FIRENZE – I prodotti legati alle attività illegali in Toscana valgono in 1,2 miliardi. Dieci volte superiore è il valore dell’economia sommersa. Il totale è di 11,3 miliardi, in pratica l’11,7% del pil regionale.
Dati che emergono dal “Rapporto 2023 su illegalità e criminalità organizzata nell’economia della Toscana” redatto dall’Irpet. Il profilo delle province toscane non pare caratterizzato da sostanziali fragilità di natura socio-economica. Ma il rapporto invita a considerare le imprese cosiddette cartiere (quelle nate con intenti di evasione, elusione o riciclaggio attraverso l’emissione di fatture per operazioni inesistenti) che incidono per il 3,6% del totale, contro il 5% in Italia.

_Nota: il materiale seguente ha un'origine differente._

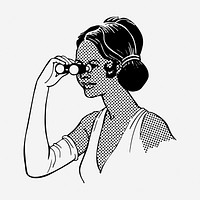 Woman looking through opera glasses drawing, vintage illustration. Free public domain CC0 image.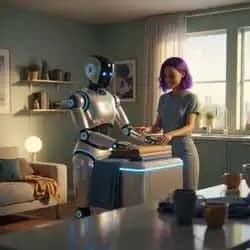 A person interacting with futuristic AI interface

I settori con valori più elevati sono quello finanziario-assicurativo (6,6%), costruzioni (5,8%) e commercio (5,4%). La mortalità aziendale anomala (in eccesso) si addensa prevalentemente nei settori dell’abbigliamento e pelletteria e calzature (Prato, Empoli).
Il ricorso in eccesso al part-time riguarda principalmente l’area della Toscana settentrionale (a più alto tasso di imprenditorialità), e in particolare Prato, dove supera il 40% dei contratti, soprattutto nel settore dell’abbigliamento. Nel confronto nazionale, la Toscana si pone in coda (al 16°posto) per il dominio “indicatori oggettivi di presenza di crimine organizzato” (associazione di tipo mafioso, associazione per delinquere, interdittive antimafia, aziende in gestione e destinate, immobili in gestione e destinati, operazioni finanziarie attinenti criminalità organizzata).
“Le mafie – ha detto il presidente Eugenio Giani – si combattono parlandone a voce alta e dandoci gli strumenti necessari di studio e analisi. Per questo non si può che esprimere apprezzamento e gratitudine per tutti coloro che hanno lavorato a questa nuova edizione, che ci rende tutti più attrezzati nella battaglia per la legalità. Di qualunque tipo sia la criminalità prospera se non le si presta la giusta attenzione, se la si sottovaluta, senza dotarsi dei giusti strumenti per riconoscerla e farla emergere nelle attività, nelle relazioni, nelle modalità operative. Noi questa operazione la compiamo ogni anno. Ringrazio anche le istituzioni statali, la Procura e la Magistratura che ci affiancano in questo fondamentale compito”.
Una quantificazione dell’Irpef evasa in Toscana restituisce un ammontare di poco superiore a 2,5 miliardi di euro, in linea con la media nazionale. Il differenziale tra dovuto e pagato relativamente all’Imu nel 2020 era pari al 23,2% con un mancato gettito di 319 milioni contro un gettito effettivo di un miliardo.